Pierre Sonnerat (1748 – 1814).

Pierre Sonnerat (1748 – 1814) was a French natural scientists and explorer. Betwen 1774 and 1781 he traveled China, among others. His experiences were published in a 1782 narrative. Therein he also described Chinese martial arts-related techniques. These are reminiscent of some of the more Chinese-influenced martial arts system still found in Okinawa today. For instance, the following description might as well refer to the kata called Sanchin, and Hojo-undo.

« Les Chinois sont bien faits, lestes & forts dans le badinage ; mais dans une dispute sérieuse, toutes leurs petites supercheries disparoissent, la crainte & la lâcheté l’emportent & les obligent à prendre la fuite. Dès leur bas âge, ils s’étudient à lever des poids de cent & cent cinquante livres, jusqu’à ce qu’ils puissent les élever au-dessus de leur tête, à bras tendu. Sept à huits sacs remplis de terre & pendus au plancher, sont encore des champions contre lesquels ils s’exercent à se battre. Ils se mettent dans le milieu des différens sacs, les agitent & tachent d’en éviter les coups ; ils ont une manière de roidir leurs muscles, qu’ils appellent se rendre dur ; & quand ils luttent, ils s’en servent avantageusement contre leur adversaire, parce qu’ils roidissent la partie menacée du coup, & celui qui le donne se fait plus mal qu’il n’en fait à celui qui le reçoit. »

In the very first part, were Sonnerat says that the Chinese run away when push comes to shove, is an example of colonialist arrogance and cultural eurocentrism of the time. It is similar to today, when we still interpret karate – espcecially historical karate – in Western terms. It is followed by a part that deals with bag and weight training; I think everyone knows respective practices.

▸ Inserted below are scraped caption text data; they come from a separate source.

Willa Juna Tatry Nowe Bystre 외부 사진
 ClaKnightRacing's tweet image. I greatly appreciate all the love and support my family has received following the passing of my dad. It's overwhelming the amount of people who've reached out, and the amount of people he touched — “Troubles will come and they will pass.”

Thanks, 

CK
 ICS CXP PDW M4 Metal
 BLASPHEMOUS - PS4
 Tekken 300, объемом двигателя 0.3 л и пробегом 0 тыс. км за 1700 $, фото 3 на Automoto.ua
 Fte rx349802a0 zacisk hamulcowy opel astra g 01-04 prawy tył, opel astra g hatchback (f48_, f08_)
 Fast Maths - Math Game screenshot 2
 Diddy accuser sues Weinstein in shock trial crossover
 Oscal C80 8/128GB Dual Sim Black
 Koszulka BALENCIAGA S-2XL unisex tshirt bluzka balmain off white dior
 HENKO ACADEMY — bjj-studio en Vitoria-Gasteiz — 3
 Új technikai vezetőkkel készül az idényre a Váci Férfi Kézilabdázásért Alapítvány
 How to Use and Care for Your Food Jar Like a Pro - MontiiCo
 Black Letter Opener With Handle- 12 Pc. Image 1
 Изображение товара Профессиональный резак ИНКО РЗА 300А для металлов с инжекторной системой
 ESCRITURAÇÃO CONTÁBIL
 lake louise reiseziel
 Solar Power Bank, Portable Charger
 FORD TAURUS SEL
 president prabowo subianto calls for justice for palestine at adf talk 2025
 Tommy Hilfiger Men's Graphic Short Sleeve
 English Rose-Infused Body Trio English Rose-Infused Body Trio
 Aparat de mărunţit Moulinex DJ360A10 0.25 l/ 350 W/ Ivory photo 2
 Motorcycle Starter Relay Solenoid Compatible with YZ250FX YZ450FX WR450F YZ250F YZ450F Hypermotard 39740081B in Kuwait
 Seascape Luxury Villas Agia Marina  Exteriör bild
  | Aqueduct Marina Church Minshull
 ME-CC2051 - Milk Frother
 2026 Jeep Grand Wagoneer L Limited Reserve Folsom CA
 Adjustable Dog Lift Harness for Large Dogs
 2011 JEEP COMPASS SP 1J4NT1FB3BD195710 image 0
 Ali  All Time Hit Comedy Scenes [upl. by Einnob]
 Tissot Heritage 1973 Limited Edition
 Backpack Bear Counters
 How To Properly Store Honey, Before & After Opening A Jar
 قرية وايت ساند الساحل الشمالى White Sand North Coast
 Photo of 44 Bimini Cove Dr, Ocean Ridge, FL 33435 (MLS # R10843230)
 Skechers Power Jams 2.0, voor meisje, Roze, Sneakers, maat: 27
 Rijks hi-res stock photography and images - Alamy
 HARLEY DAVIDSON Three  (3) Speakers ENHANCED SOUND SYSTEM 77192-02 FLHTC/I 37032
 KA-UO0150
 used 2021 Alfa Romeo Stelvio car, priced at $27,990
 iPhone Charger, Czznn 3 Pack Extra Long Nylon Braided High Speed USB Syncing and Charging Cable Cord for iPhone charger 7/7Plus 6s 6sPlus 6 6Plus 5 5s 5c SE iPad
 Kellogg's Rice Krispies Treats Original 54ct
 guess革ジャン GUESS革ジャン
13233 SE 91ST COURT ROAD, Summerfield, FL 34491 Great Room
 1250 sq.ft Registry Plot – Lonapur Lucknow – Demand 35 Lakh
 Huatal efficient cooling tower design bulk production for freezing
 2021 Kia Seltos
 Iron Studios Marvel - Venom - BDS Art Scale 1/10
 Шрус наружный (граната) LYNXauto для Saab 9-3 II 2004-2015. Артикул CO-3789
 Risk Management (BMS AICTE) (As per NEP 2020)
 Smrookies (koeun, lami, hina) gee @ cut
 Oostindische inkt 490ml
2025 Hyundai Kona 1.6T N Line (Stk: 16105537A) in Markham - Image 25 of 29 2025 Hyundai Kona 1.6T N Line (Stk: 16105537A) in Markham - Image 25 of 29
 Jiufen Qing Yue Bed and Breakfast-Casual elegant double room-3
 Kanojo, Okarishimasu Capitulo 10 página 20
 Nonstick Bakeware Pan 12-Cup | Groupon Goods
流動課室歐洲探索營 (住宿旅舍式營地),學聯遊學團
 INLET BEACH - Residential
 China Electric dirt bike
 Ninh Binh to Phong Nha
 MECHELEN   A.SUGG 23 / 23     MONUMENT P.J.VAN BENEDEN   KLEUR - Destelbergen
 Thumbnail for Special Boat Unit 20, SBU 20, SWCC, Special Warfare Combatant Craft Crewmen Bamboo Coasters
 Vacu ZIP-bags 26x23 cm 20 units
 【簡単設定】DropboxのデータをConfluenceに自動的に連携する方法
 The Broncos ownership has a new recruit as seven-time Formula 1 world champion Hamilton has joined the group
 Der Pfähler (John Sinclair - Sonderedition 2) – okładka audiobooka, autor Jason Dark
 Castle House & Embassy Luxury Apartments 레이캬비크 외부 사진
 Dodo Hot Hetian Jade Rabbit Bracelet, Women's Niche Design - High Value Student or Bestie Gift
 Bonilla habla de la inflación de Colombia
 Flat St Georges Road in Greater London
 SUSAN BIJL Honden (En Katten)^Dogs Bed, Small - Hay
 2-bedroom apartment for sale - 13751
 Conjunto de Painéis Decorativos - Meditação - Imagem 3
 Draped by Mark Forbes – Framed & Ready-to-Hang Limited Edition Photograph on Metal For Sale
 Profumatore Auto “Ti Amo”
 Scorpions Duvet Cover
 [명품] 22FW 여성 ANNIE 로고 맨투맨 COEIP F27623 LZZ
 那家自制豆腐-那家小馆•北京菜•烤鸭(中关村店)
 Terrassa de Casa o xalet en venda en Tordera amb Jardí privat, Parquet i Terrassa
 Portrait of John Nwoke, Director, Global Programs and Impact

In this connection I cannot but wonder how much today’s acquisition of martial arts is comparable to the era of colonialism, trade, and science in sense of a Western cultural centrism towards Japanese martial arts. At the same time I cannot but wonder whether the Japanese martial arts turned the tables on the West in sense of a “reverse cultural centrism”.

The part that might be considered as to related to Sanchin-like practice translates to English roughly as follows:

“In brawls the Chinese use the technique of stiffening and toughening (temper, harden) the part of the body upon which they expect to receive the blow, by instantly tightening the muscle, so that the enemy feels the impact more than the one who receives it.”

BTW, in the late 18th century Sonnerat’s narrative was also translated to German:

„Die Chinesen brauchen bey Prügeleyen den Kunstgriff, die Stelle des Körpers, worauf sie den Schlag erwarten, steif zu machen und abzuhärten, indem sie augenblicklich den Muskel straff machen, so daß der Gegner den Schlag mehr empfindet, als der, dem er zugetheilt war.“

© 2015, Andreas Quast. All rights reserved.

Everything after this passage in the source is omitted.